Sgt. Kristin L. Cruikshank chats with her step-uncle, Raad Al-Saraji, middle, and step-cousin Mohammed on Sunday at her base at the former Baghdad Island amusement park. (Kendra Helmer / S&S)
BAGHDAD, Iraq — Sgt. Kristin Cruikshank walks into a shop run by Iraqis on Camp Ultimo, and the guilt trip begins.
The store owners, though happy to see her, complain it’s been four days since she has visited.
“No, I was here two days ago,” Cruikshank smiles.
Then she adds: “They give me a hard time because I don’t come here every day.”
The Iraqis expect a daily visit. After all, she’s family.
Cruikshank’s mother, Teresa, is married to Lateef Al-Saraji, who fled Iraq during the 1991 Persian Gulf War.
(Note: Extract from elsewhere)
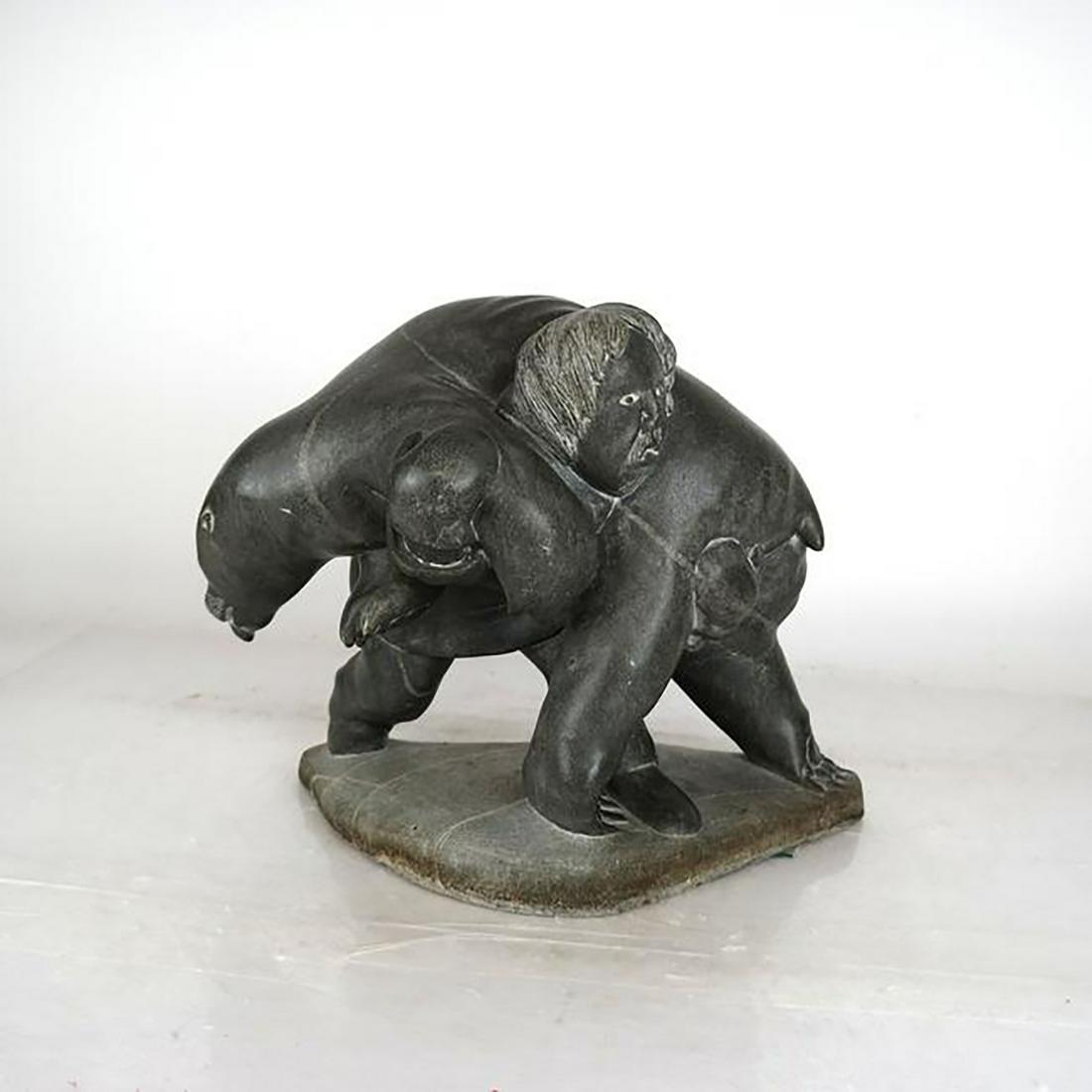 Joq Nasi "Jack 79" Inuit Sculpture (1 of 7)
When Cruikshank arrived in Baghdad in May with the 1st Armored Division’s 16th Engineer Battalion, she had an interpreter call her relatives, who live 10 minutes from her camp.
“The next day they ended up showing up at the front gate and asked to see me,” said Cruikshank, a Portsmouth, Ohio, native based in Giessen, Germany, with the 1st AD. “I was really surprised; I didn’t think they’d show up that quick.”
For the next two weeks she met with her stepfather’s brothers, using a dictionary and drawing pictures to communicate. On her 22nd birthday, they threw a party and brought a three-tier cake and kebabs to the base, located at the former Baghdad Island amusement park.
During their daily meetings, the Iraqis offered to help the soldier. But it was she who helped them by talking to her first sergeant and others about finding them work. In June, the family opened a general store on base — next to the post exchange — to sell snacks, cigarettes, rugs and DVDs.
Two months later, there was more reason to celebrate. Lateef and Teresa Al-Saraji were coming to Iraq. Lateef, 30, hadn’t seen his family for 13 years.
His brother and nephew picked them up in a taxi in Syria and drove 13 hours across the desert to Baghdad.
Teresa, 41, stayed with her in-laws and visited her daughter on base. The in-laws urged Cruikshank to visit them, since, unlike Teresa, the Iraqi women couldn’t go on base because the family wasn’t comfortable with the women being around male soldiers.
So Cruikshank went to their home. A convoy escort was arranged, just days before her mother’s three-week visit ended.
When the Humvees rolled down the street, children waiting for her ran up and yelled, “Kristin!”
During the visit, her relatives fed the soldiers standing guard.
Cruikshank’s mother returned to her home in Erie, Mich., in September. During a rally in Detroit to bring U.S. troops home, she described the living conditions of soldiers and Iraqis.
“I really think they [troops] need to come home now,” she said in a telephone interview. “I see the reason we went in, and I’m glad [former Iraqi leader] Saddam [Hussein] is out, but on the other hand, I don’t think kids need to die.”
Cruikshank said it’s the mortar rounds hitting the camp every few days that worry her mother the most. During one attack, a mortar blasted near her, the hot metal slightly injuring a fellow soldier’s neck.
The past few weeks Cruikshank, who had been working as a cook at a mobile camp, has been in harm’s way more often. Her cooking duties over, she occasionally serves as an extra gunner on Humvees at a time when attacks against U.S. troops are increasing. More than 400 U.S. troops have died since military operations began, 281 of them since May 1, when President Bush declared major combat over.
Cruikshank, due to leave Iraq in May, plans to get out of the Army and return to school. Her brother, Theodore, a sergeant, is scheduled to deploy to Iraq in the spring.
Teresa hopes her son also is stationed in Baghdad, where she knows he’ll be well looked after by relatives.